MATA INDONESIA, JAKARTA-Pemerintah saat ini tengah fokus untuk pencapaian net zero emission (NZE) atau nol emisi karbon di Indonesia.
Salah satunya dengan memanfaatkan energi panas bumi untuk pembangkit listrik tenaga panas bumi (PLTP) menjadi salah satu prioritas dalam menggantikan energi fosil.
Seperti diketahui, panas bumi merupakan salah satu sumber energi terbarukan yang dapat menjadi beban dasar (base load) dalam sistem ketenagalistrikan dengan capacity factor yang tinggi, yaitu di atas 95 persen.
“Terlebih lagi, PLTP merupakan energi terbarukan yang rendah emisi, tidak terpengaruh cuaca, serta lebih stabil terhadap pengaruh fluktuasi harga bahan bakar fosil,” ujar Direktur Jenderal Energi Baru Terbarukan dan Konservasi Energi (EBTKE) Kementerian ESDM, Dadan Kusdiana di Jakarta, Kamis 4 Agustus 2022.
Dadan mengungkapkan PT Pertamina Geothermal Energy (PGE), bagian dari Subholding Power & New Renewable Energy PT Pertamina (Persero), adalah entitas bisnis yang menjadi salah satu motor pengembangan panas bumi.

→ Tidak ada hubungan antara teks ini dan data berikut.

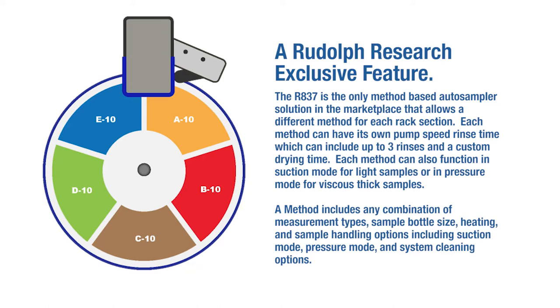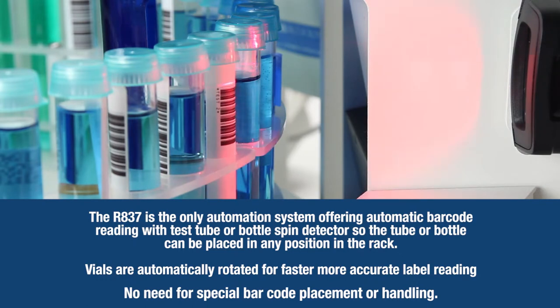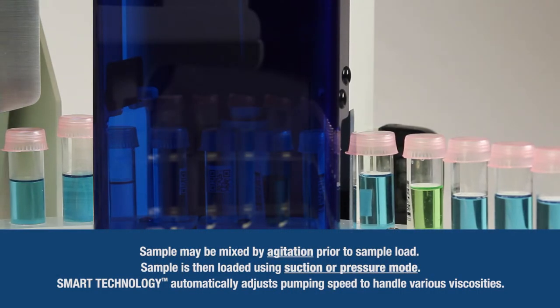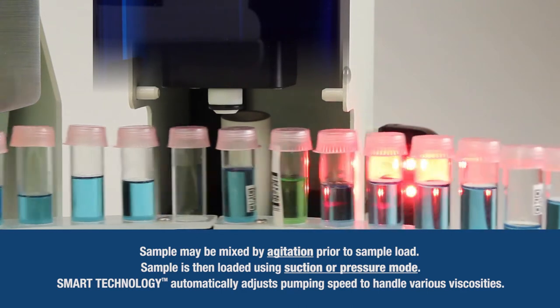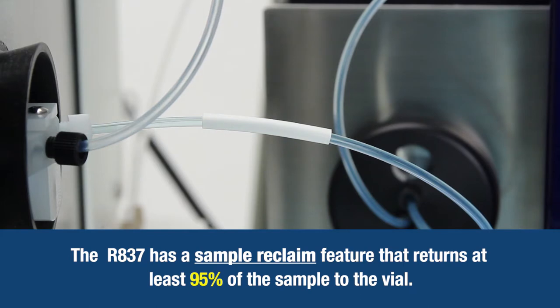Each method can also function in suction mode for light samples or in pressure mode for viscous, thick samples. A method includes any combination of measurement types, sample bottle size, heating, and sample handling options including suction mode, pressure mode, and system cleaning options. The R837 is the only automation system offering automatic barcode reading with test tube or bottle spin detection, so the tube or bottle can be placed in any position in the rack. Files are automatically rotated for faster, more accurate label reading — no need for special barcode placement or handling. Samples may be mixed by agitation prior to sample load and are then loaded using suction or pressure mode. The R837 has a sample reclaim feature that returns at least 95% of the sample to the vial.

Apalagi, PGE memiliki pengalaman yang baik dalam pengembangan panas bumi di tanah air dengan dukungan kompetensi SDM yang mumpuni serta pendanaan yang memadai.
“Kegiatan panas bumi pada prinsipnya merupakan kegiatan yang sangat rendah emisi sehingga dengan 672 megawatt (MW) kapasitas terpasang yang dioperasikan sendiri oleh PGE secara tidak langsung telah berkontribusi pada pencapaian NZE yang dicanangkan oleh pemerintah,” ujarnya.
Dadan menyebutkan dalam RUPTL 2021-2030 target pengembangan PLTP sebesar 3.355 MW. Pemerintah aktif melakukan monitoring secara berkala terhadap pembangunan PLTP yang masuk dalam daftar RUPTL.
Data Kementerian ESDM menunjukkan total sumber daya panas bumi di Indonesia mencapai 23,7 GW atau nomor dua setelah Amerika Serikat.
Namun, menurut Dadan, sumber daya tersebut harus dipastikan dahulu dengan serangkaian kegiatan eksplorasi panas bumi untuk memastikan cadangan terbuktinya sehingga siap untuk dimanfaatkan secara berkelanjutan dalam waktu yang panjang lebih dari 30 tahun.
Tahapan eksplorasi panas bumi merupakan tahap yang paling memiliki risiko tinggi karena rasio keberhasilan eksplorasinya kurang lebih 50 persen.